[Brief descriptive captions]
------------
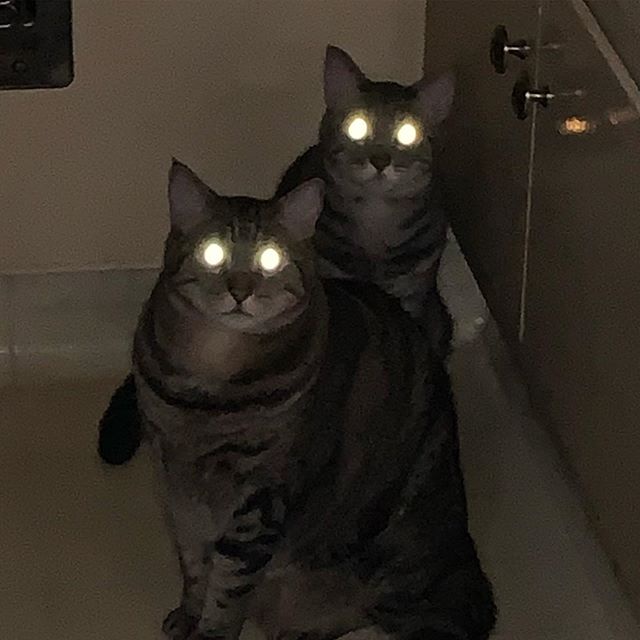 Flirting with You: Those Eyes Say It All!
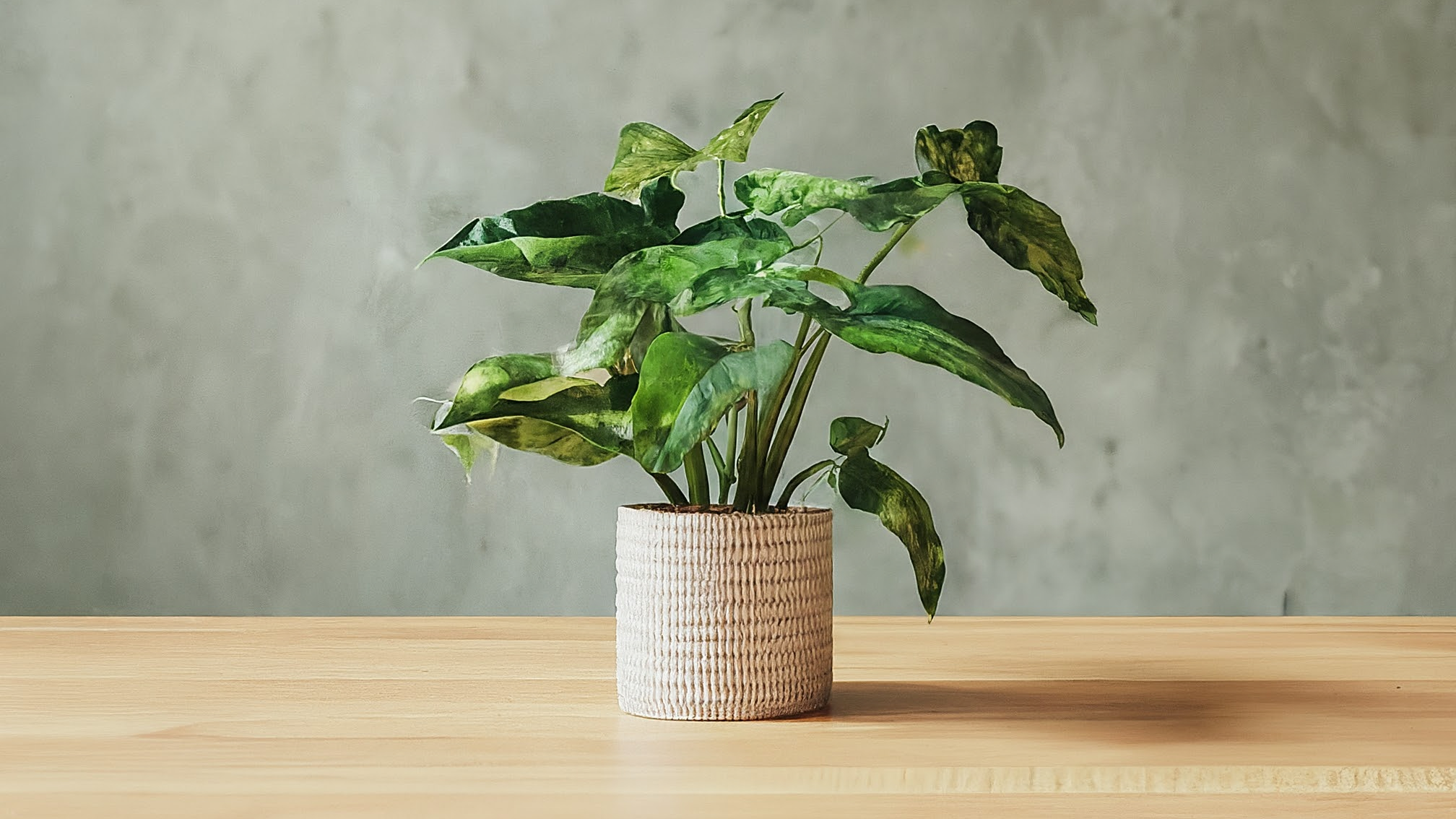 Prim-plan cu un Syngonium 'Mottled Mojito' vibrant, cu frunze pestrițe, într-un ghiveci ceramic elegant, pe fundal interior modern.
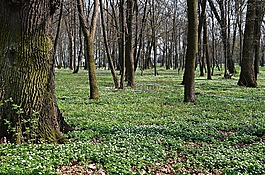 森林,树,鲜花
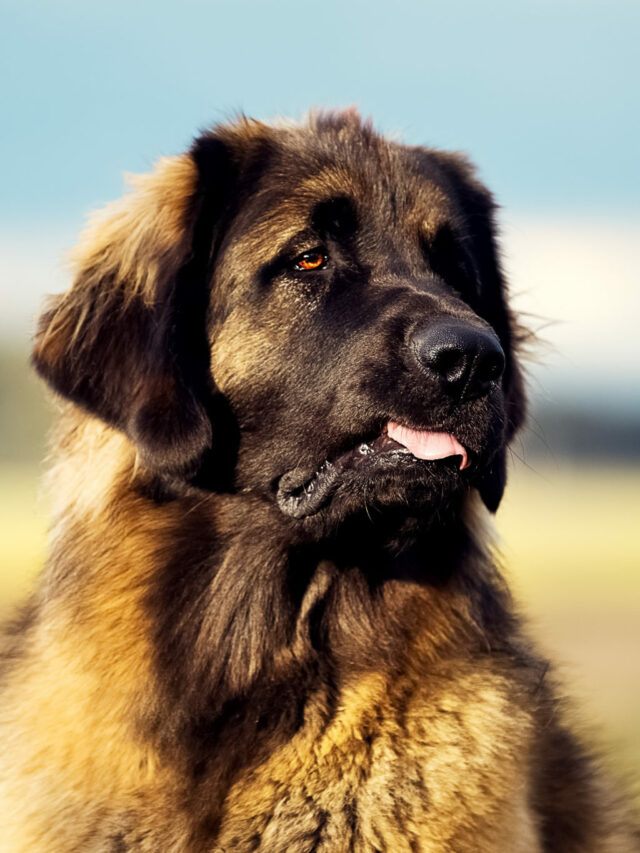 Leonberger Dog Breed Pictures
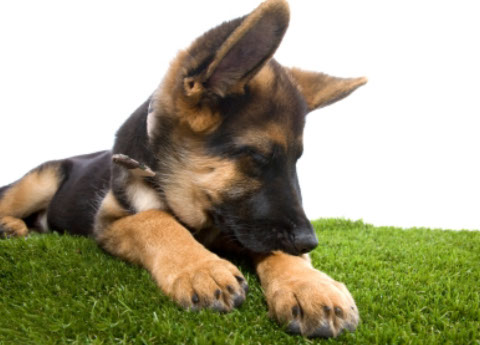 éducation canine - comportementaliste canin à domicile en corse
------------
## ABOUT THIS EXERCISE
Treating the line with "Leonberger Dog Breed Pictures" as the last line to include, retype the records exactly from their first line, excluding pictures.

## SOLUTION TO THE PROBLEM
 Flirting with You: Those Eyes Say It All!
 Prim-plan cu un Syngonium 'Mottled Mojito' vibrant, cu frunze pestrițe, într-un ghiveci ceramic elegant, pe fundal interior modern.
 森林,树,鲜花
 Leonberger Dog Breed Pictures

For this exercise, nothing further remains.